THE TASK
Without the pictures, output all of the data exactly.

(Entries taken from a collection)
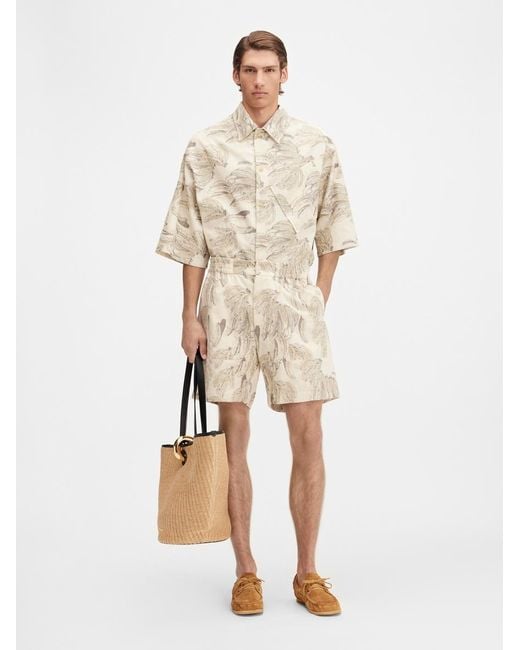 Jacquemus Natural The Aloe Shorts for men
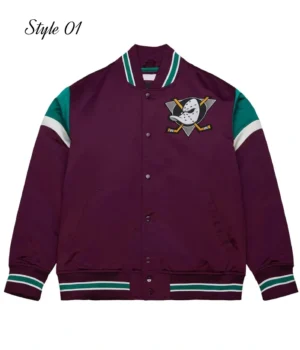 Anaheim Ducks Heavyweight Satin Jacket product image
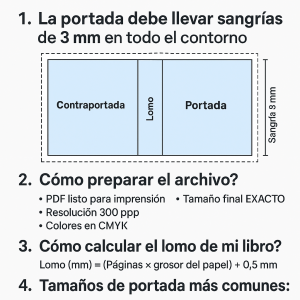 cómo preparar portada para impresión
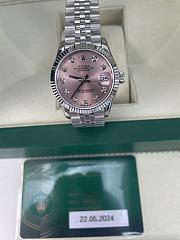 Rolex Datejust Watch Silver Pink 31mm - 2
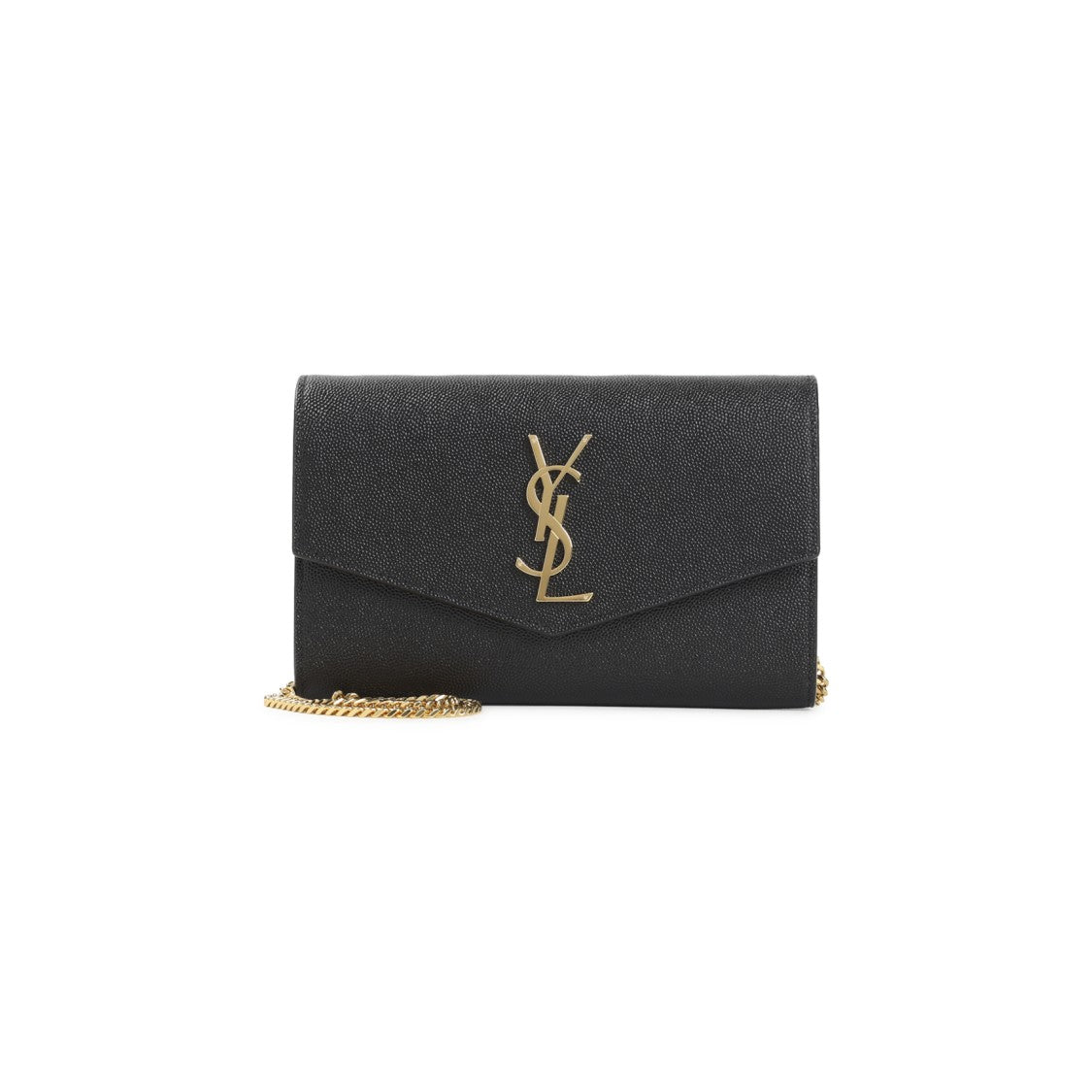 Saint Laurent Textured Calf Leather Clutch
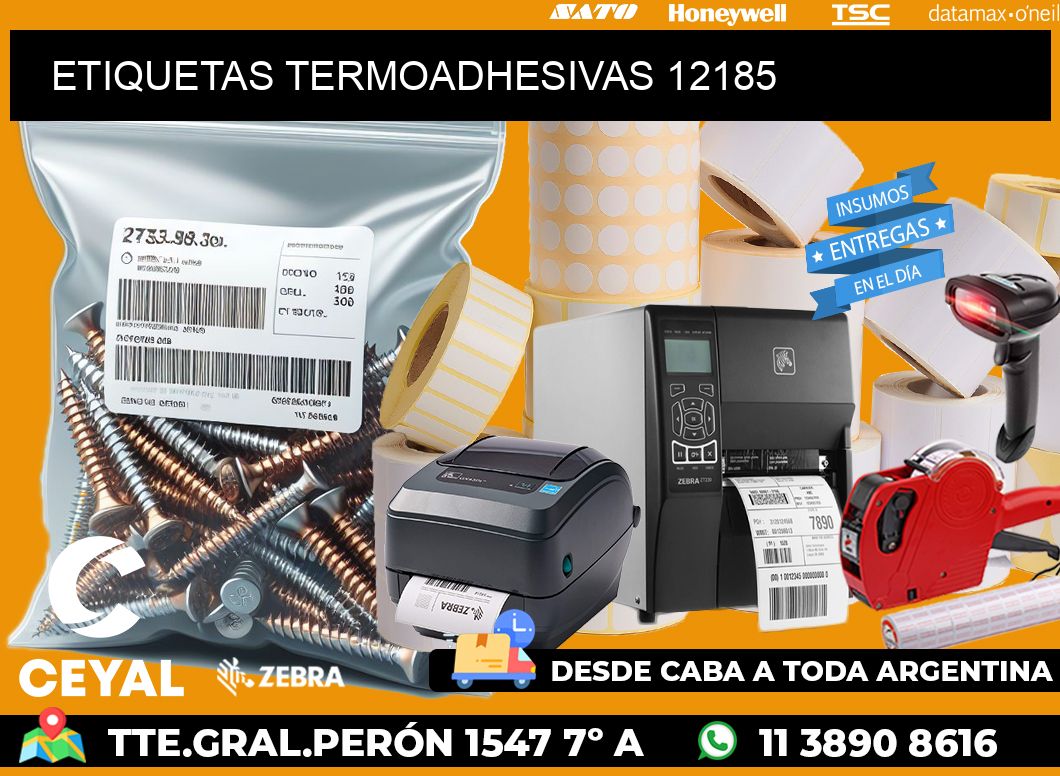 ETIQUETAS TERMOADHESIVAS 12185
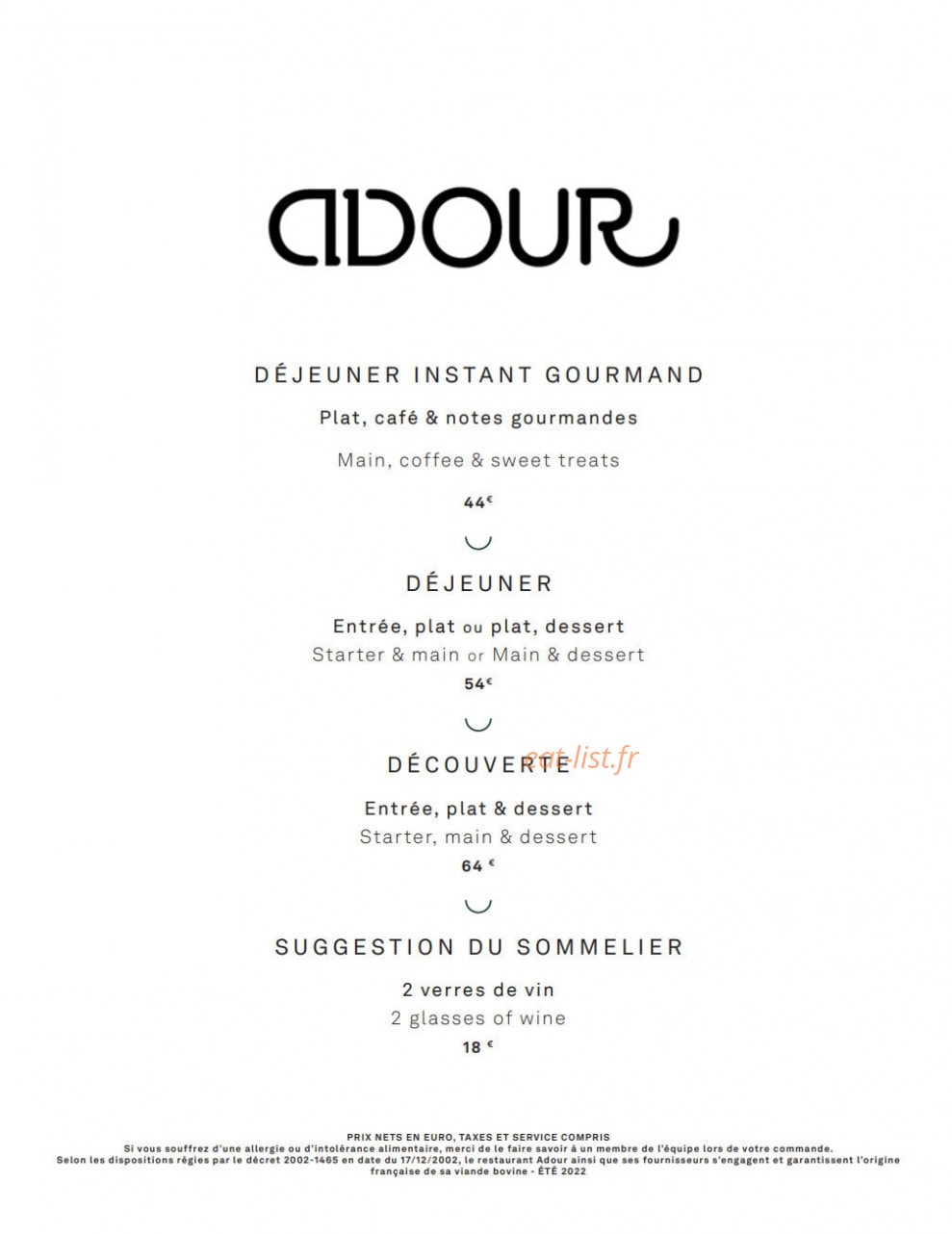 Adour — carte page 1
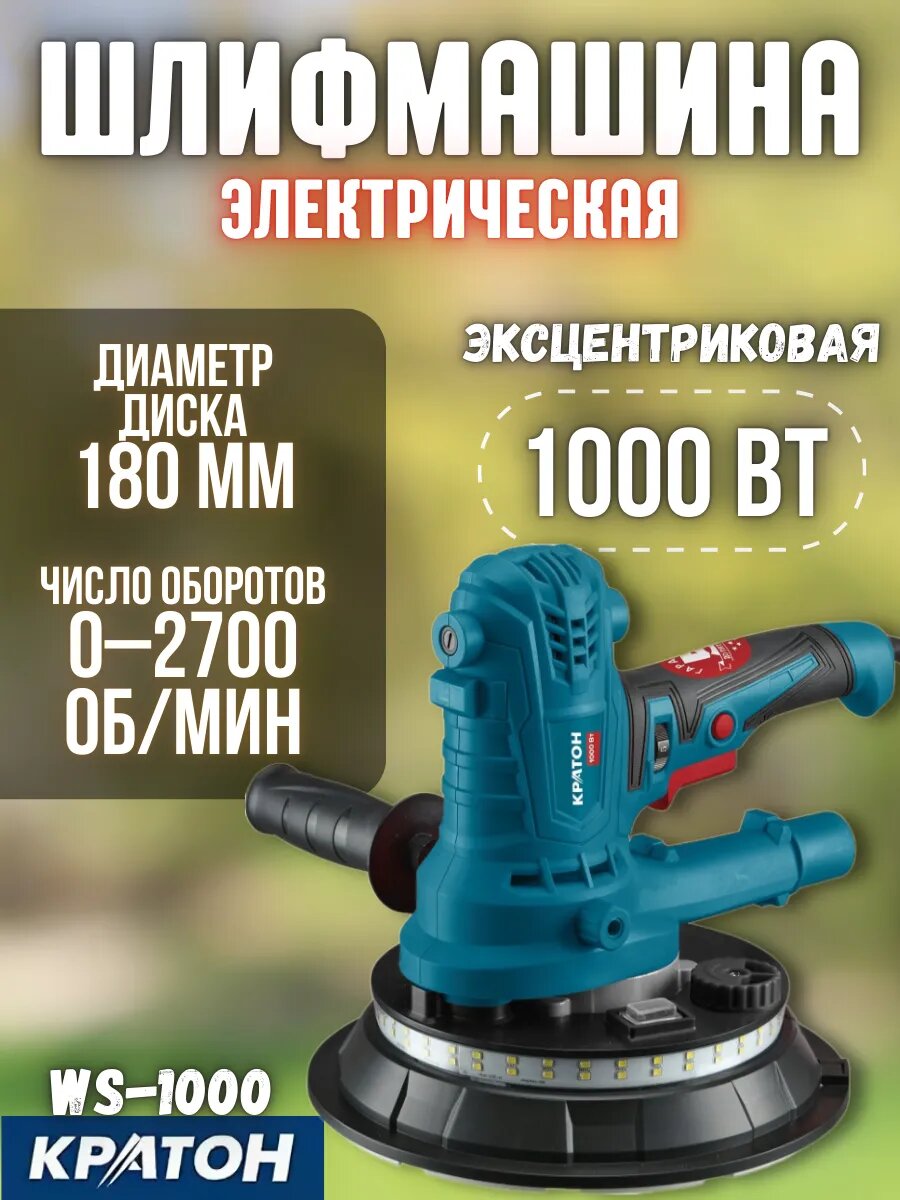 Шлифовальная машинка эксцентриковая WS-1000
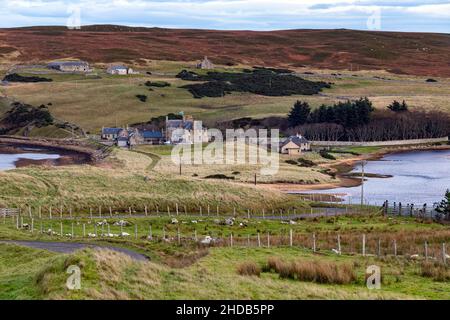 Melvich Beach in Sutherland an der Nordküste Schottlands. Stockfoto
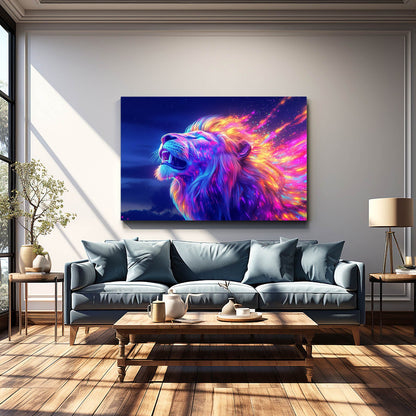 Brilliant Lion Canvas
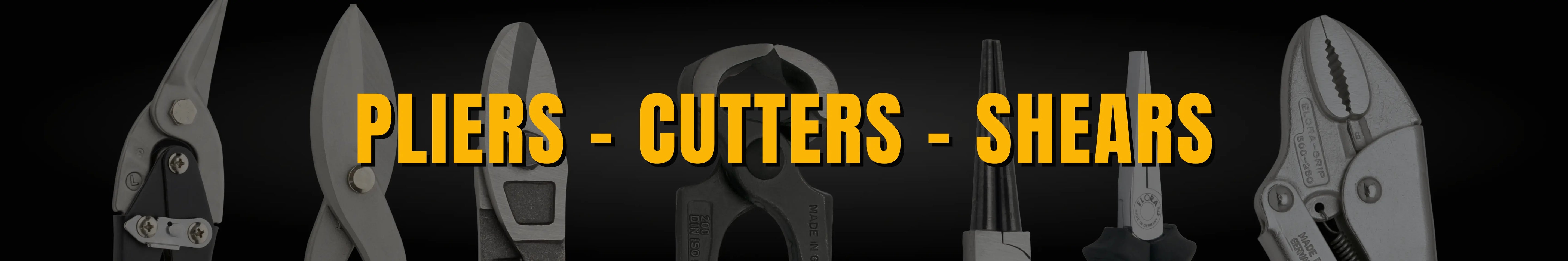 Pliers, cutters, and shears banner
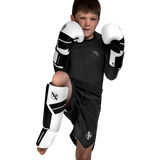 Hayabusa S4 Youth Shin Guards - White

SOLUTION TO THE EXERCISE
 Jacquemus Natural The Aloe Shorts for men
 Anaheim Ducks Heavyweight Satin Jacket product image
 cómo preparar portada para impresión
 Rolex Datejust Watch Silver Pink 31mm - 2
 Saint Laurent Textured Calf Leather Clutch
 ETIQUETAS TERMOADHESIVAS 12185
 Adour — carte page 1
 Шлифовальная машинка эксцентриковая WS-1000
 Melvich Beach in Sutherland an der Nordküste Schottlands. Stockfoto
 Brilliant Lion Canvas
 Pliers, cutters, and shears banner
 Hayabusa S4 Youth Shin Guards - White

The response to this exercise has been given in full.